Records for the task
[Start of section]
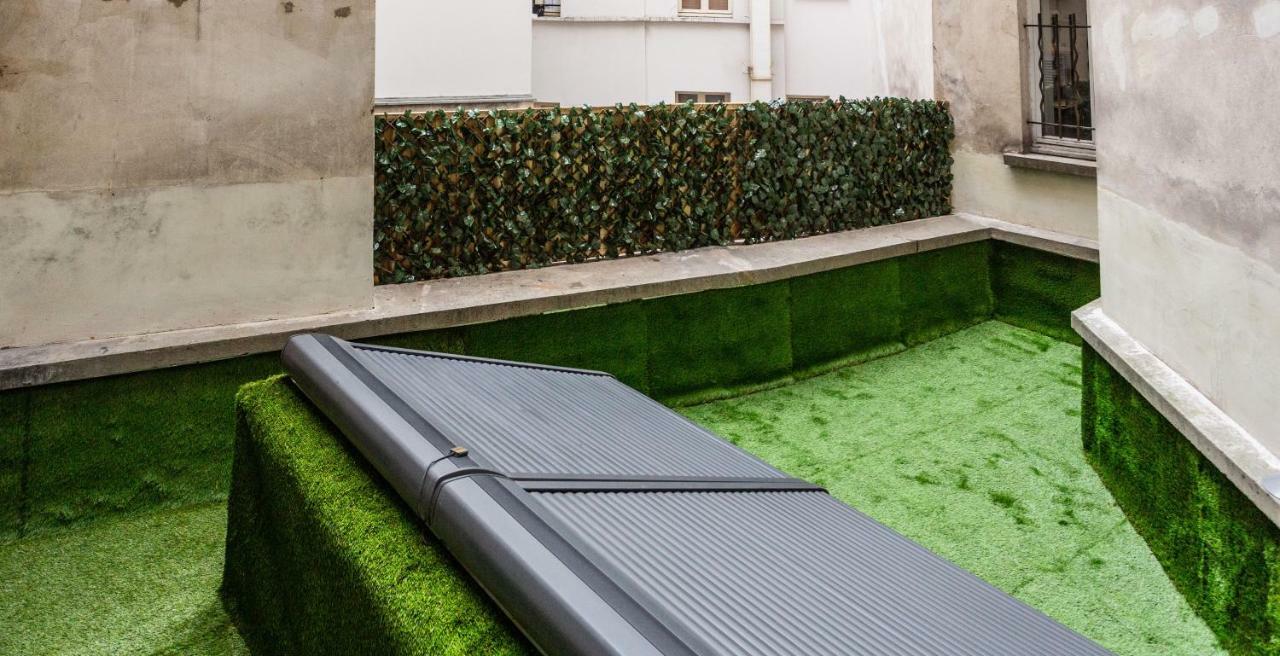 Louvre Luxury Apartment & Spa Paris Exterior foto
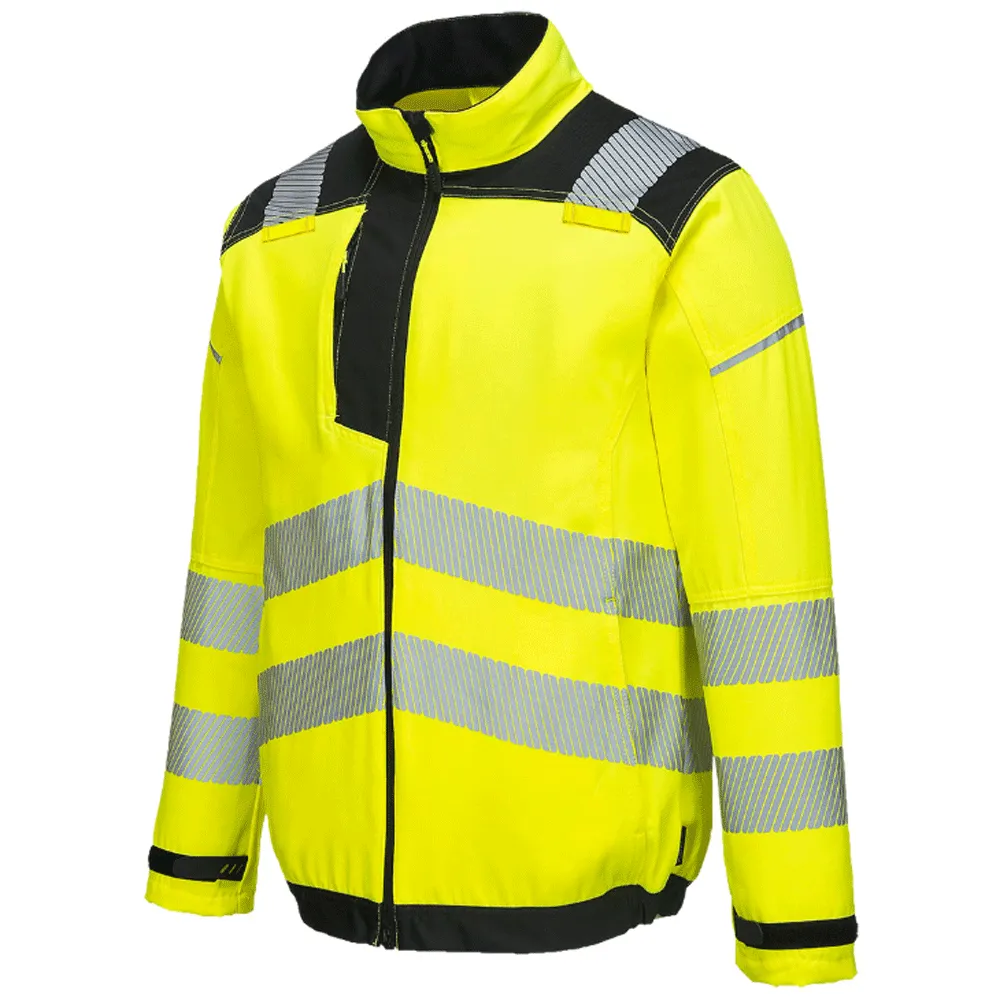 Portwest T500 PW3 Hi-Vis Work Jacket Various Colours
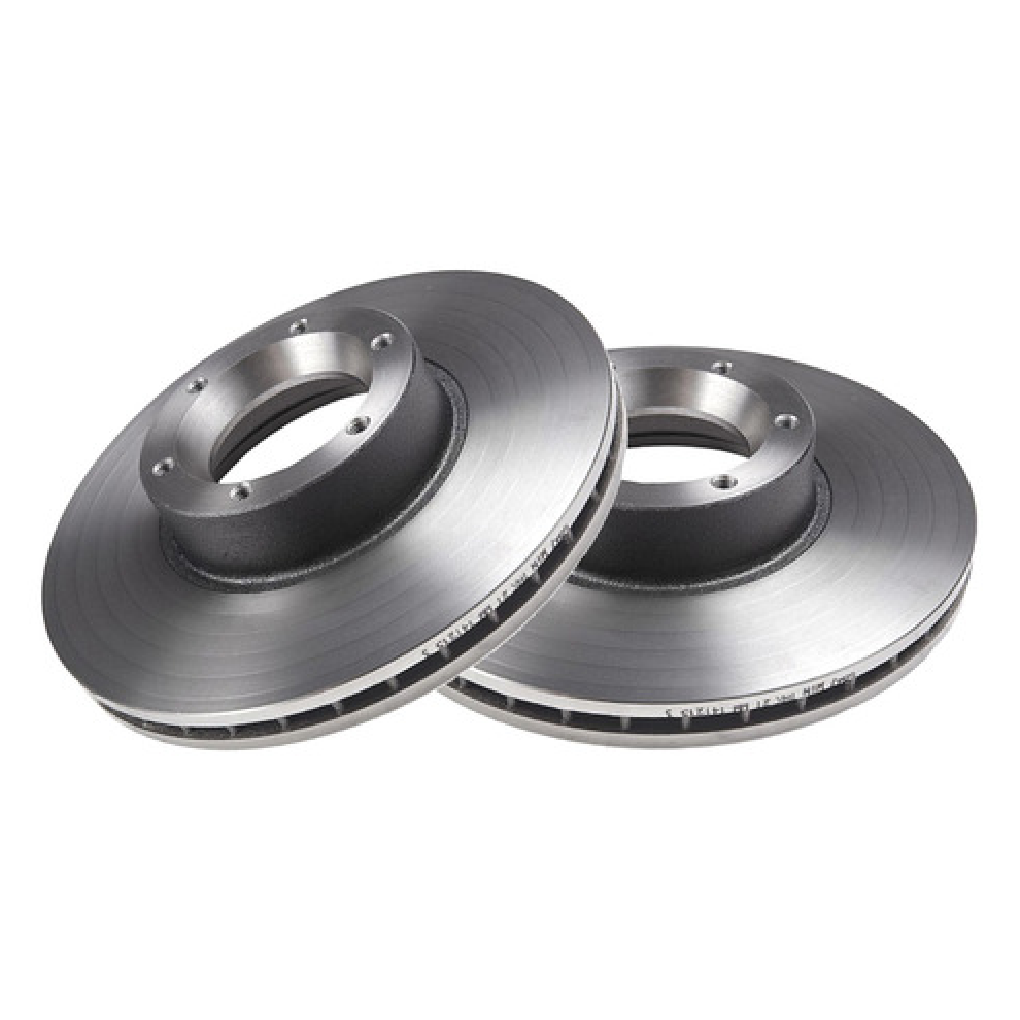 Disco de Freio Dianteiro Ventilado - MDS - D130 - (1)
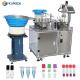 2 in 1 Slender Reagent Test Tube Filling and Capping Machine for Laboratory Research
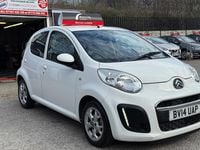 Used Citroën C1 2014 White Hatchback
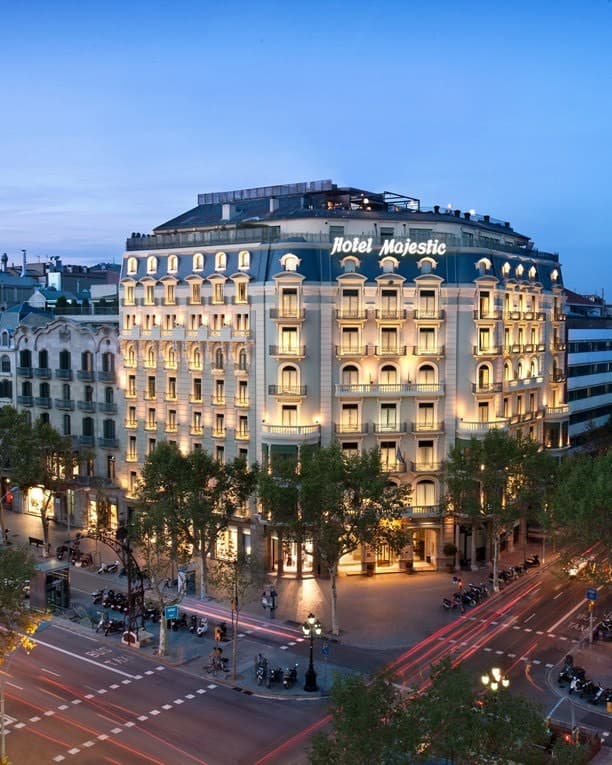 Lugar Majestic Hotel Spa Barcelona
[End of section]
What you have to do
The material above is to be set down exactly, with pictures removed.

Reply to the exercise
 Louvre Luxury Apartment & Spa Paris Exterior foto
 Portwest T500 PW3 Hi-Vis Work Jacket Various Colours
 Disco de Freio Dianteiro Ventilado - MDS - D130 - (1)
 2 in 1 Slender Reagent Test Tube Filling and Capping Machine for Laboratory Research
 Used Citroën C1 2014 White Hatchback
 Lugar Majestic Hotel Spa Barcelona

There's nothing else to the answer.